- Education: University of Oxford; Harvard University (PhD);
- Awards: Sloan Research Fellow; APS Fellow;
- Scientific career
- Fields: Particle physics
- Workplaces: University of California, Berkeley; Harvard University;
- Academic advisors: Howard Georgi
- Doctoral students: Nima Arkani-Hamed Stephen Hsu

= Lawrence John Hall =

Theoretical particle physicist

Lawrence John Hall is a theoretical particle physicist and professor at the University of California, Berkeley and the Berkeley Center for Theoretical Physics.

== Biography ==
Hall received his bachelor's degree from Oxford in 1977 and his Ph.D. from Harvard in 1981 with Howard Georgi. He was a Miller Fellow at Berkeley and an assistant professor at Harvard where he was a Sloan Foundation Fellow, before becoming professor at Berkeley in 1983, where he won a Presidential Young Investigator Award.

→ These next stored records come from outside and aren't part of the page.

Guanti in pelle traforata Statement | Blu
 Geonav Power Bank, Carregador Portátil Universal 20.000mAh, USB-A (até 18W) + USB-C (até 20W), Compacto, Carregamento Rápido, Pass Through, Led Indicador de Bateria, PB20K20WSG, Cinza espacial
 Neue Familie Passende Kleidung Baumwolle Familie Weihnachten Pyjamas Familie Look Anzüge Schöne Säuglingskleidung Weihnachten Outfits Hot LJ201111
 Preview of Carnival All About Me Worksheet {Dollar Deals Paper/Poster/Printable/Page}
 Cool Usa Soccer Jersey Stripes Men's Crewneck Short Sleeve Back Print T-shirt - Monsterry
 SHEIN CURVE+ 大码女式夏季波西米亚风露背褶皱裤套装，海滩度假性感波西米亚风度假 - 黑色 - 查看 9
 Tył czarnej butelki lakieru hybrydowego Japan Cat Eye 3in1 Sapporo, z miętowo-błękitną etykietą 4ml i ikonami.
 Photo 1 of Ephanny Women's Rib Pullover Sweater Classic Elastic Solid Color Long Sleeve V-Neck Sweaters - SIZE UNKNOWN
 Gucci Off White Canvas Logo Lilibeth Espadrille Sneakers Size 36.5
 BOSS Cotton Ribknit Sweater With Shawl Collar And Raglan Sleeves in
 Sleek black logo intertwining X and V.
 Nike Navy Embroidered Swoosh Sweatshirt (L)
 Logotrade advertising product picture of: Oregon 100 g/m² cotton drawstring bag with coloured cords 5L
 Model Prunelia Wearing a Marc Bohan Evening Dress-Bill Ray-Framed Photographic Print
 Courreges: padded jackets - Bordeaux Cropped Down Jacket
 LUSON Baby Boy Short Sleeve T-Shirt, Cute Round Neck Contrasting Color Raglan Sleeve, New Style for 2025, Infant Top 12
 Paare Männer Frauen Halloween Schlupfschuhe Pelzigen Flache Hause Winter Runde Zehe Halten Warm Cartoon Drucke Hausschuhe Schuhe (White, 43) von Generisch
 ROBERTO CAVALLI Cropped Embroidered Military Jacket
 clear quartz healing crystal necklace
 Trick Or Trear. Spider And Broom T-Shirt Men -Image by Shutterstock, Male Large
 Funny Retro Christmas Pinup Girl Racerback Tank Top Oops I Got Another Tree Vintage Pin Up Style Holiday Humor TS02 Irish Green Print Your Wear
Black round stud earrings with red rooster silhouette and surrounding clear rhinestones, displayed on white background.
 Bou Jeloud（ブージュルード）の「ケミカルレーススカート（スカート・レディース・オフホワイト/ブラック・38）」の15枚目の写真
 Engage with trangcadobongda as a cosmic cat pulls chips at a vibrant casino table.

Hall is notable for his theoretical contributions to a wide span of research topics such as physics beyond the Standard Model, including supersymmetry and dark matter, in addition to his work on the weak force, cosmology, and grand unified theories. He was named a Fellow of the American Physical Society in 1993 "for numerous original contributions to the phenomenology of weak interaction, supersymmetry and supergravity, and the physics of the early universe."

He supervised the doctoral thesis of Nima Arkani-Hamed (1994).